They are not actually that bad. 14.4kW power for a electric combi. My neighbour has one installed and used 7200kW for the previous 12 months. So average 19.7kW a day. So that is what £2426.40 a year if on grid currently.
Lets say half your battery is used for the boiler and half for the electric you use.
-16kW even if you had to fully charge battery at night is about £1.92 right now as it is 12p/kW.
- So 8kW of your needed 19.7kW is £0.96
- 11kW is left needed. If from grid that is £4.58
Now lets assume you manage at least 6kW from the solar a day then you are only paying £2.082
Total cost is around £3.04 per day for the hot water/heating then. Of course it is more like double/triple that in winter usage compared to summer. But yeah in principle that is not all that bad with even lowish return of solar. In the summer it likely that you are only running off solar and so only need to take costs in Winter into account.
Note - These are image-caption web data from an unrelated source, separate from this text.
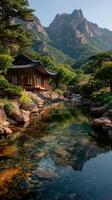 Charming temple by serene waterway surrounded by mountains in the early morning light photo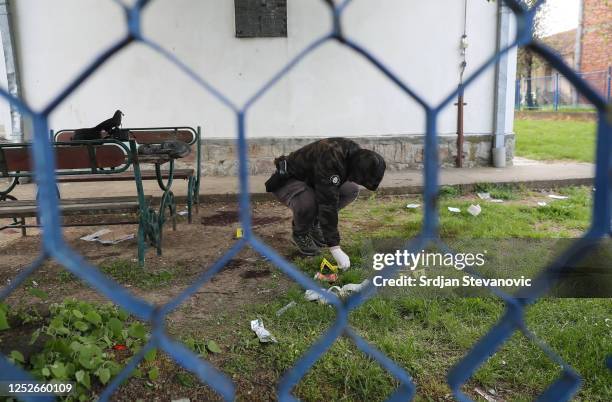 Crime scene investigator looks for evidence onsite inside the school in the village Dubona, near Mladenovac on May 5, 2023 in Dubona, Serbia. A...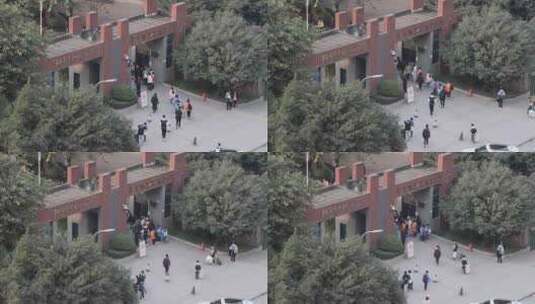 学生涌入重庆南岸区龙门浩职业中学的校门高清在线视频素材下载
Of course this all is depending on long term. If your expected time at the house is 10+ years right now it likely makes sense. Otherwise it could be a longer return on costs up front. The other interesting element is that you can have the boiler in loft or similar also because it doesn't need a flue and install easier meaning you can gain additional usable storage space in the house if that is of use to someone.
The reason I say it doesn’t touch the sides is because once you have factored in your normal electric consumption, a 16kwh battery doesn’t have much spare capacity at all.
Yes on some days in winter you may produce 10kwh but the reality is that you’ll probably only produce 80-100kwh for the entire month when you mostly need your heating. The basic assumption is that through winter you’ll have zero spare solar capacity.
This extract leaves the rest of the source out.